Directions for this task
Copy out again, unchanged, the listing below from the line that has "GO FIGHT Casual One Pocket Long Sleeve Shirt" through the line that has "Boxed Jadeite Vessel".

Records for this exercise
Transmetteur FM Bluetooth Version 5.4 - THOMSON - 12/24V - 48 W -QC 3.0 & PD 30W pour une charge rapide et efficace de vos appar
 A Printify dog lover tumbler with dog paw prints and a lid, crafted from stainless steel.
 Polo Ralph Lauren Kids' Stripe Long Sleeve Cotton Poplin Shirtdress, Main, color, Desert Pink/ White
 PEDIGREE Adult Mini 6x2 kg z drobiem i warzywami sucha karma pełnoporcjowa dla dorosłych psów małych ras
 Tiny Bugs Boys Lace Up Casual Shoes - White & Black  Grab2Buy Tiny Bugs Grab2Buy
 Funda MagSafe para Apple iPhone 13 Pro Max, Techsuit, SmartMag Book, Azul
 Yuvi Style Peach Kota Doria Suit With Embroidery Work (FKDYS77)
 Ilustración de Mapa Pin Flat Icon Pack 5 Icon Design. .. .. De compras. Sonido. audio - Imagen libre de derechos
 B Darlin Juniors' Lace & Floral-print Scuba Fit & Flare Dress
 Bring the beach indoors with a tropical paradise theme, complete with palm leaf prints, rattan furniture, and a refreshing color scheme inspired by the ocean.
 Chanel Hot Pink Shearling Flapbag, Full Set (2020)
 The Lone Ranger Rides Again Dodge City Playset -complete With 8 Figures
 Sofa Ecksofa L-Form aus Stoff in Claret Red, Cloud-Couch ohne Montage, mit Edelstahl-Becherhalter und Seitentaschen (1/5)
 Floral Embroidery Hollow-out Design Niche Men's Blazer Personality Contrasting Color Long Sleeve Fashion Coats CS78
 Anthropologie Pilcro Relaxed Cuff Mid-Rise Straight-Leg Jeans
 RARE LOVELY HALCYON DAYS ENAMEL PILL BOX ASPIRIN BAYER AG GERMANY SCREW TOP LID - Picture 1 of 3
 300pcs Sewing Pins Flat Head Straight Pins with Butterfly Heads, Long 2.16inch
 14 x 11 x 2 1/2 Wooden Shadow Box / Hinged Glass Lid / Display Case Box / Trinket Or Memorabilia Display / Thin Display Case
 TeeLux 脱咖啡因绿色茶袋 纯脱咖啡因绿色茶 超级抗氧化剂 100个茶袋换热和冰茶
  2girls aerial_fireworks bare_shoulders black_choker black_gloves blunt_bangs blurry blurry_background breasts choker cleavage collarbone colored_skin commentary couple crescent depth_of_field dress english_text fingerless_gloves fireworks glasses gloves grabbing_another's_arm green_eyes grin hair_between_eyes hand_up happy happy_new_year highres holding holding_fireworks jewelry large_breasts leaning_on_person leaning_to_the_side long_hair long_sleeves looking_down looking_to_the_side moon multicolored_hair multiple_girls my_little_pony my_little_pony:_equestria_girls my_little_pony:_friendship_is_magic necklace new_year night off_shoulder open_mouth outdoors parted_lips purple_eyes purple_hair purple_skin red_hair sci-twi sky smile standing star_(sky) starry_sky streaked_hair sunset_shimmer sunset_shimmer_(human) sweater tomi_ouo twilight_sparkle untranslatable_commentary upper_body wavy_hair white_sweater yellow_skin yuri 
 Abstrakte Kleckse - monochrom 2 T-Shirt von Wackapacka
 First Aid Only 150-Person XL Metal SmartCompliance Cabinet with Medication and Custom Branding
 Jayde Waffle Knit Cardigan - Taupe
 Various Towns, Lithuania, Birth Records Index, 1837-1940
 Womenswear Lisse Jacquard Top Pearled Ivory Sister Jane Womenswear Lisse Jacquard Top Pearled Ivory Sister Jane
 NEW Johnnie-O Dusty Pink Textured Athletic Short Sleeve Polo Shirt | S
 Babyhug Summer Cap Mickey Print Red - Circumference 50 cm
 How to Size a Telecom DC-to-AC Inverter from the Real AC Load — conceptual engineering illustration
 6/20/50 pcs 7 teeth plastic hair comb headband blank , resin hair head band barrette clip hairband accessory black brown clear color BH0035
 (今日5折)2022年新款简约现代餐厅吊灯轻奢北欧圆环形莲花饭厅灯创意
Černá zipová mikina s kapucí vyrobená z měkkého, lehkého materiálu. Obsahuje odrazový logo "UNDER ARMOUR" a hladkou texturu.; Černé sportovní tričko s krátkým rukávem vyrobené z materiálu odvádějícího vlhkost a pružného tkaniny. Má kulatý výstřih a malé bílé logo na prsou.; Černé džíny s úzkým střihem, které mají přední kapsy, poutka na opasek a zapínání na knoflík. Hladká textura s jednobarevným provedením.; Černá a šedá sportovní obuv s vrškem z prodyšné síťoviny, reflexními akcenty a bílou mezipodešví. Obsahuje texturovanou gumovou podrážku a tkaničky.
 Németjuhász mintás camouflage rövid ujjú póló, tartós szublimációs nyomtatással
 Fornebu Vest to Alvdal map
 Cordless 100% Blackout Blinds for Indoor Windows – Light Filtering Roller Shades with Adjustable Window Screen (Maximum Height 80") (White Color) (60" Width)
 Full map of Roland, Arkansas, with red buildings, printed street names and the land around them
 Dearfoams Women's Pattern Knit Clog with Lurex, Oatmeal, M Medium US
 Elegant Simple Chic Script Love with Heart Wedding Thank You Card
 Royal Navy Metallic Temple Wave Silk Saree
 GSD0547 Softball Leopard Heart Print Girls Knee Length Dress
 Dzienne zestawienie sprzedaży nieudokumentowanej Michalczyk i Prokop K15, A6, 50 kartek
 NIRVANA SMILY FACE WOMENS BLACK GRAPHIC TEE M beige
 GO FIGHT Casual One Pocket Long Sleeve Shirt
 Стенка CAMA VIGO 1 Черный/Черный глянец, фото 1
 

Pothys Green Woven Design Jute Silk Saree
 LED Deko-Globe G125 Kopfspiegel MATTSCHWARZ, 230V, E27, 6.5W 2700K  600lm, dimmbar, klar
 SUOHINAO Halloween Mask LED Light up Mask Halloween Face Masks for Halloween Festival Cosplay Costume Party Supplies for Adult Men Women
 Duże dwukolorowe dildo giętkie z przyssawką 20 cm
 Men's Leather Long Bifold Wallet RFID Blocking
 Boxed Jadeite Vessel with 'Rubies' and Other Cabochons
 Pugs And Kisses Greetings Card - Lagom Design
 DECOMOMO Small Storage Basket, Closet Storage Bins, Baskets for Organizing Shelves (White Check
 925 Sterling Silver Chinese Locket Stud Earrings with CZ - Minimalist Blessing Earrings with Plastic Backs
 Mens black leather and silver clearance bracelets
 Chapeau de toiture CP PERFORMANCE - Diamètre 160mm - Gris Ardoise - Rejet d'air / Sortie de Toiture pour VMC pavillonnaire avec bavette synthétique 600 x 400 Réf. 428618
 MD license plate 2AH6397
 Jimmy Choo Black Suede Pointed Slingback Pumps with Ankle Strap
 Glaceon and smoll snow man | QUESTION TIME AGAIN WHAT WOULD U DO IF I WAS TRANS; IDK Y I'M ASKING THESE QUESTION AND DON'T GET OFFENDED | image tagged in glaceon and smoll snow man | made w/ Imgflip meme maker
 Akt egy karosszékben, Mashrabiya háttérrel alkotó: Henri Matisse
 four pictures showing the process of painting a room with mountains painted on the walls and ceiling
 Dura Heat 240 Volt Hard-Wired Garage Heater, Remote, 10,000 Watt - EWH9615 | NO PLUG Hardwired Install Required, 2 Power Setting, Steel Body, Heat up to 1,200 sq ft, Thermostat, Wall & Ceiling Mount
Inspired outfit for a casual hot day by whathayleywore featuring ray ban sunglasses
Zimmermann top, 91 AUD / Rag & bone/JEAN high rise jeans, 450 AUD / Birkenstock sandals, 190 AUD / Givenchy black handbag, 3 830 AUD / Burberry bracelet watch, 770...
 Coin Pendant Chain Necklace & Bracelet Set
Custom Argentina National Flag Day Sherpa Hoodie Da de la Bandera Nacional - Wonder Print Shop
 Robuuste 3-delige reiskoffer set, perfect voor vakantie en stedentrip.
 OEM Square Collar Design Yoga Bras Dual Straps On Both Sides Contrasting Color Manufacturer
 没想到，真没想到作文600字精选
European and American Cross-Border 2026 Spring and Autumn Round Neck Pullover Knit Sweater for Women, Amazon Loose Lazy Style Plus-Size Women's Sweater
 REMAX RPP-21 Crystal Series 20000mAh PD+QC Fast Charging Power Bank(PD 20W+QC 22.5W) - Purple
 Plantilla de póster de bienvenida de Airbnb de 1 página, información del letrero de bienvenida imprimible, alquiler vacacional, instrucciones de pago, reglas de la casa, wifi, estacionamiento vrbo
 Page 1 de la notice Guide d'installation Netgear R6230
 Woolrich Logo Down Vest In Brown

Answer box
 GO FIGHT Casual One Pocket Long Sleeve Shirt
 Стенка CAMA VIGO 1 Черный/Черный глянец, фото 1
 

Pothys Green Woven Design Jute Silk Saree
 LED Deko-Globe G125 Kopfspiegel MATTSCHWARZ, 230V, E27, 6.5W 2700K  600lm, dimmbar, klar
 SUOHINAO Halloween Mask LED Light up Mask Halloween Face Masks for Halloween Festival Cosplay Costume Party Supplies for Adult Men Women
 Duże dwukolorowe dildo giętkie z przyssawką 20 cm
 Men's Leather Long Bifold Wallet RFID Blocking
 Boxed Jadeite Vessel with 'Rubies' and Other Cabochons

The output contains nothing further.